The entries below contain pictures, which are to be left out; write out exactly, and only, the lines from the line with "Close-up of spider web" up to and including the line with "Hotel Selika Rustavi".
+++ AVAILABLE DATA +++
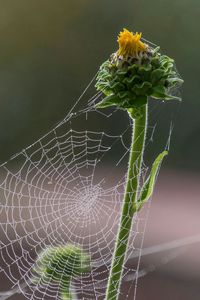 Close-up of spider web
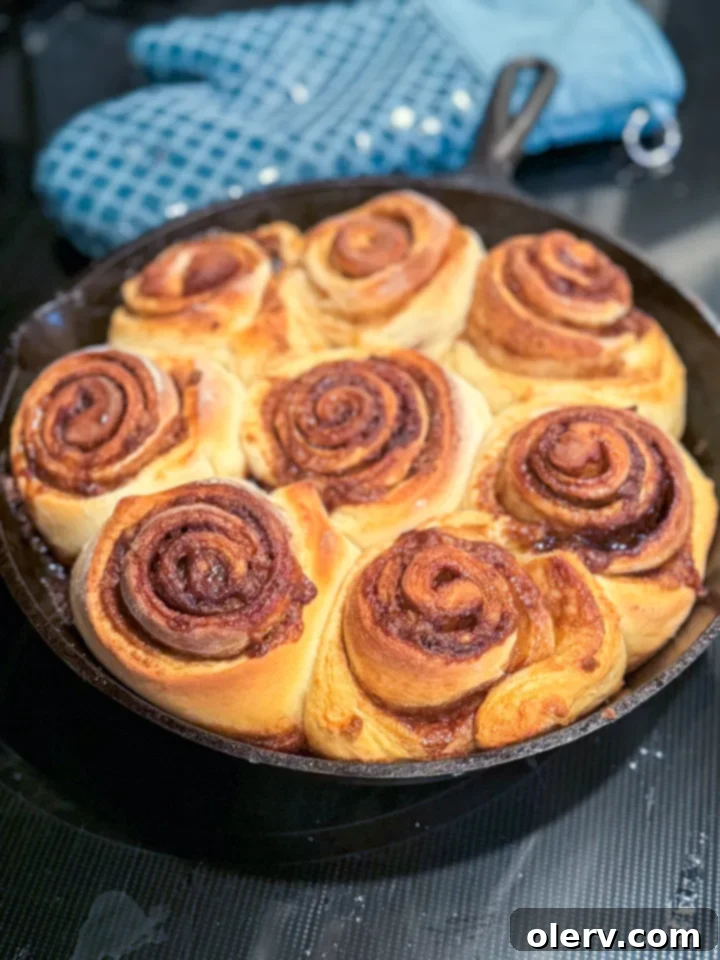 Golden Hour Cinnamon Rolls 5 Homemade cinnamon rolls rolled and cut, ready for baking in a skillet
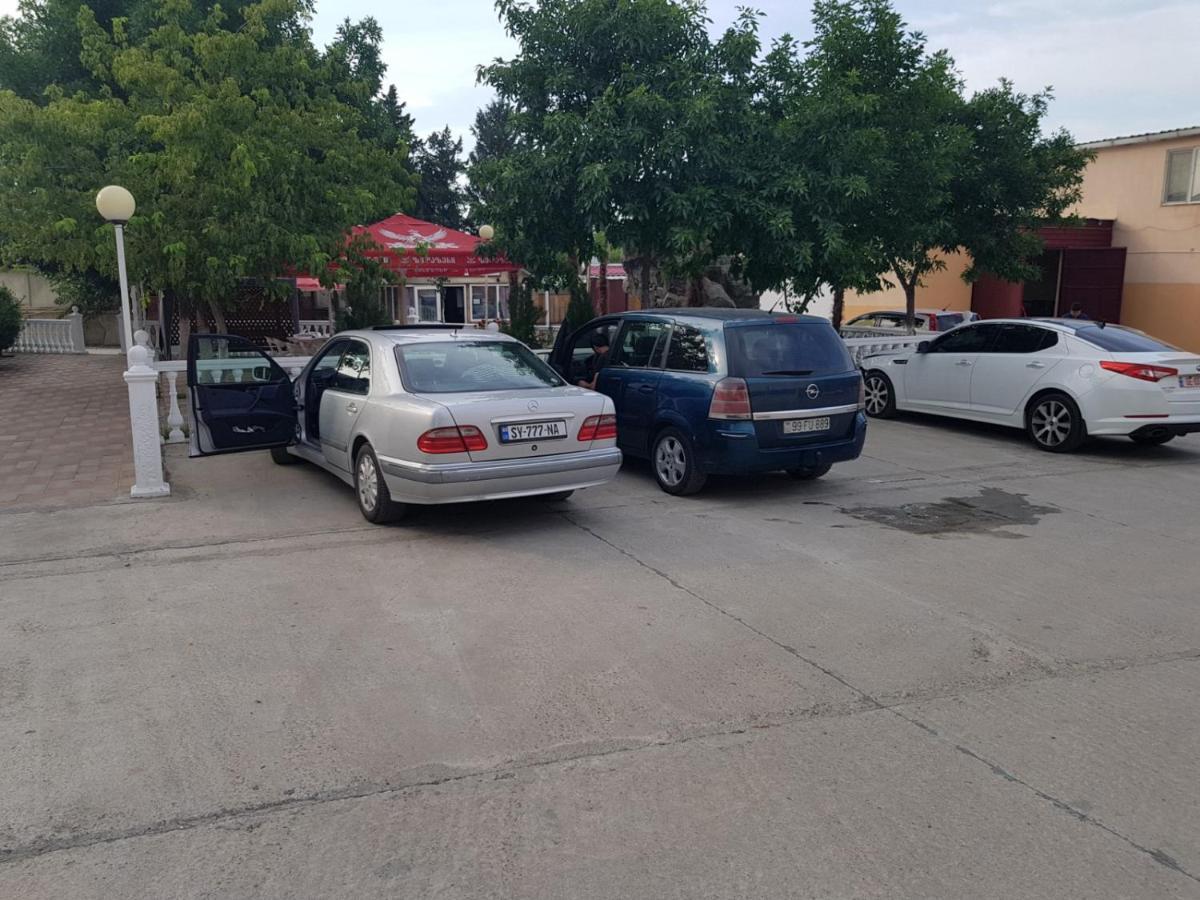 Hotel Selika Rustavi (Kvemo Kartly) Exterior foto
+++
+++ AVAILABLE DATA +++
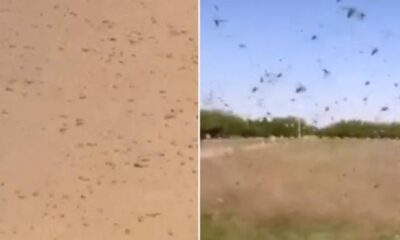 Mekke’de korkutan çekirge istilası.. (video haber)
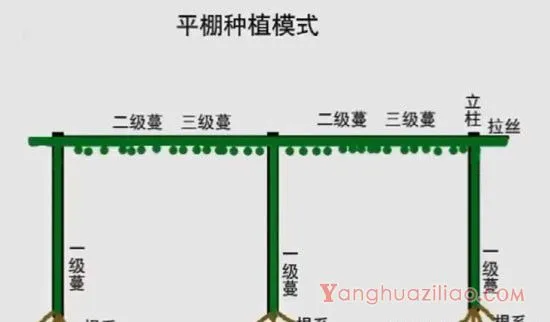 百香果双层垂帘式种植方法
+++
+++ AVAILABLE DATA +++
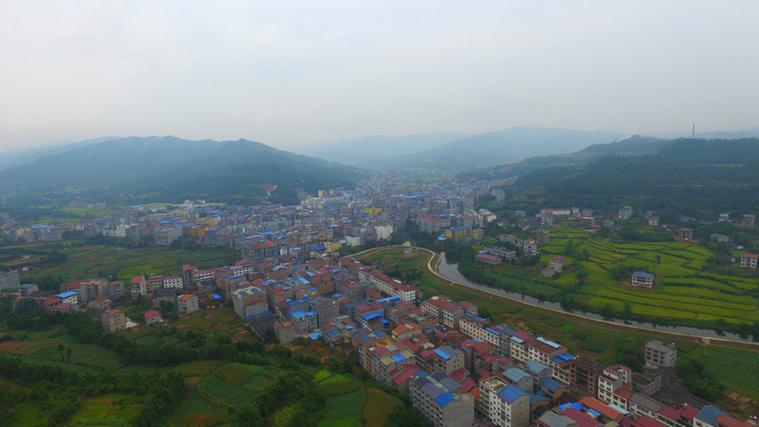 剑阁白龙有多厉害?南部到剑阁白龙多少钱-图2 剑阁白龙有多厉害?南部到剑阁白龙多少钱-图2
+++
• WRITTEN REPLY:
 Close-up of spider web
 Golden Hour Cinnamon Rolls 5 Homemade cinnamon rolls rolled and cut, ready for baking in a skillet
 Hotel Selika Rustavi (Kvemo Kartly) Exterior foto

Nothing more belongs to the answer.